This Cop Makes One of the Most Compelling Arguments for Marijuana Legalization Ever
Speaking to the Senate Judiciary Committee on Tuesday, King County, Washington, Sheriff John Urquhart laid out what may go down as one of the most compelling pro-law-enforcement arguments for legalizing marijuana to ever make it into the Congressional record.
“During my career I’ve investigated everything from shop lifts to homicides, but I’ve also spent almost 12 years as a narcotics detective,” the lifelong cop explained. “My experience shows me that the war on drugs has been a failure… So the citizens of the state of Washington decided it was time to try something new.”
King County, home to Seattle, saw thousands of marijuana enthusiasts toking up in public on election night 2012 as the state became one of the first to pass a legalization initiative. What’s unfolded since that night in Washington and Colorado has been nothing short of game-changing for drug reform advocates, many of whom were beside themselves with elation when the Obama administration announced it would not be challenging the states’ laws, provided some sort of regulatory framework is in place and vigorously enforced.
“Too often the attitude of the police is, ‘We’re the cops and you’re not, don’t tell us how to do our job,’” he continued. “That’s the wrong attitude, and I refuse to fall into that trap. The title of this hearing is the conflict between state and federal marijuana laws. I don’t see a huge conflict.”
“The reality is, we do have complimentary goals and values,” Urquhart said. “We all agree we don’t want our children using marijuana. We all agree we don’t want impaired drivers. We all agree we don’t want to continue enriching criminals.”

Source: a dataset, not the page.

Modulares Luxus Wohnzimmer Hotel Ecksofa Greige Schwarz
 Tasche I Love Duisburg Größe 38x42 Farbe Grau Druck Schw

“Washington’s law honors those values by separating consumers from gangs and diverting the proceeds from the sale of marijuana toward furthering goals of public safety,” he continued. “Legalizing and regulating the possession and the sale of marijuana, is it a better alternative? I think it is, but I’m willing to be proven wrong.”
“The only way we’ll know, however, is if we are allowed to try.”